## Action item:
Which lines below fall between the one containing "European & American" and the one containing "Plaid Long-Sleeve Shirt"? Repeat them exactly, counting both of those lines, and add nothing else.

## Exercise input:

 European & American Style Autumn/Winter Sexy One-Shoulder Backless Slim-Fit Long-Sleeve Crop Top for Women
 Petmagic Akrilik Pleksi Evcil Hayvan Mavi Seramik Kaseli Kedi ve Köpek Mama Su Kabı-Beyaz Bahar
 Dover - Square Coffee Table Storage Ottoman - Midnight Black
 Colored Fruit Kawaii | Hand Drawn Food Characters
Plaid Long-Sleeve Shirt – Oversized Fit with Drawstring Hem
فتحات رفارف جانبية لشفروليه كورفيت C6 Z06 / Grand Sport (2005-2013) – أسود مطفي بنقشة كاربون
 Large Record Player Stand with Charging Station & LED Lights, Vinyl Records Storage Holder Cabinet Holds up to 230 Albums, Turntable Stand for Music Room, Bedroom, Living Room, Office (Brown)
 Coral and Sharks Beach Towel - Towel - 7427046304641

--

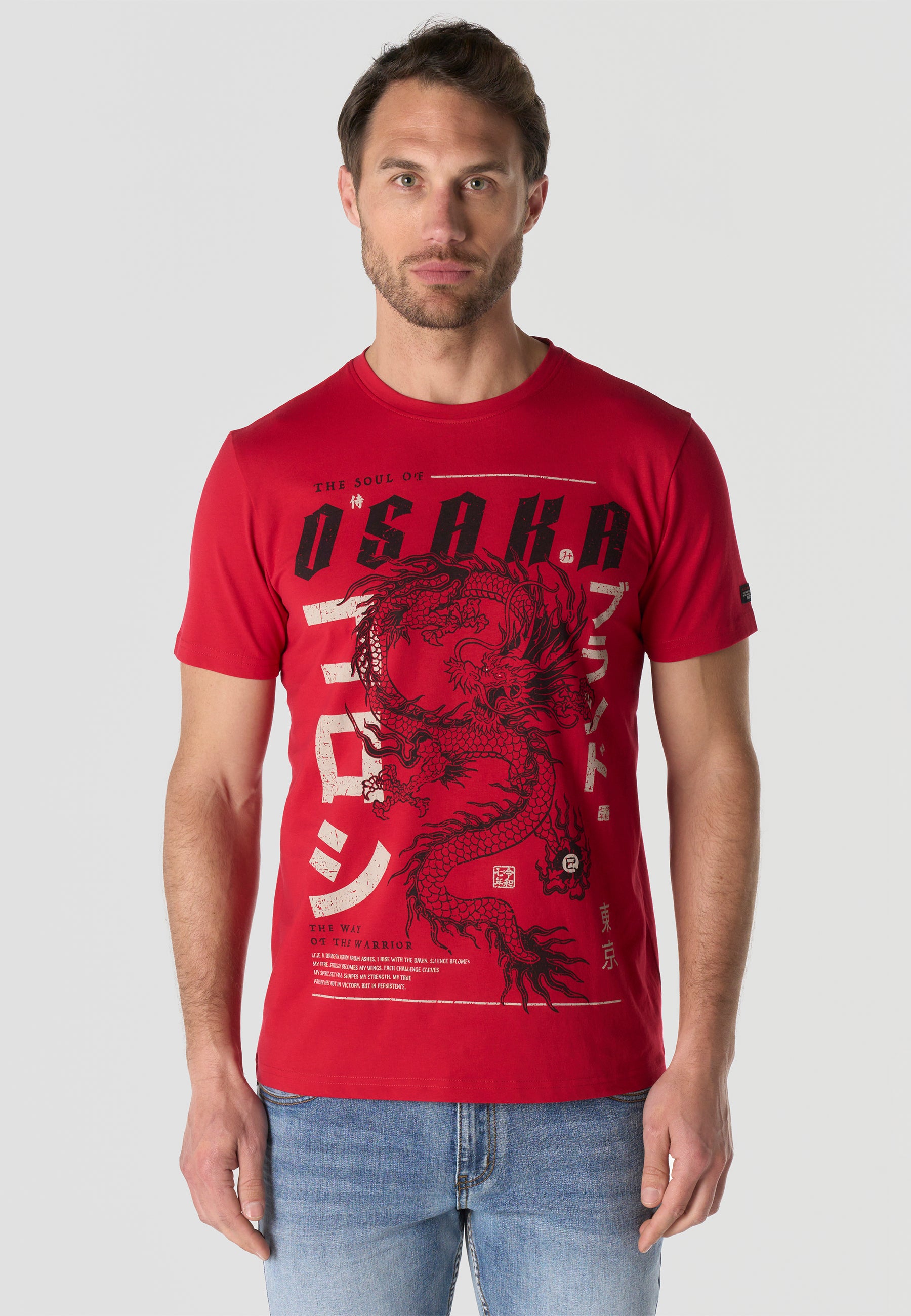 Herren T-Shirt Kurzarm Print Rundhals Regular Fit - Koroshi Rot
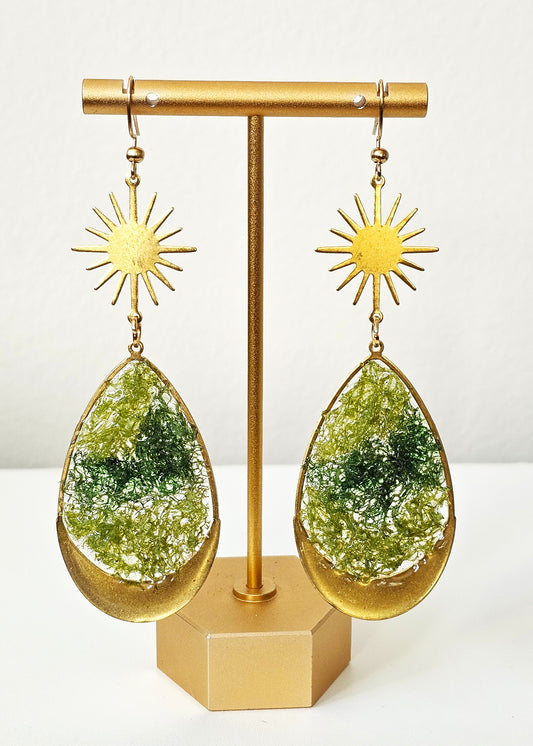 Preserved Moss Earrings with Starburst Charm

## Problem solution:
 European & American Style Autumn/Winter Sexy One-Shoulder Backless Slim-Fit Long-Sleeve Crop Top for Women
 Petmagic Akrilik Pleksi Evcil Hayvan Mavi Seramik Kaseli Kedi ve Köpek Mama Su Kabı-Beyaz Bahar
 Dover - Square Coffee Table Storage Ottoman - Midnight Black
 Colored Fruit Kawaii | Hand Drawn Food Characters
Plaid Long-Sleeve Shirt – Oversized Fit with Drawstring Hem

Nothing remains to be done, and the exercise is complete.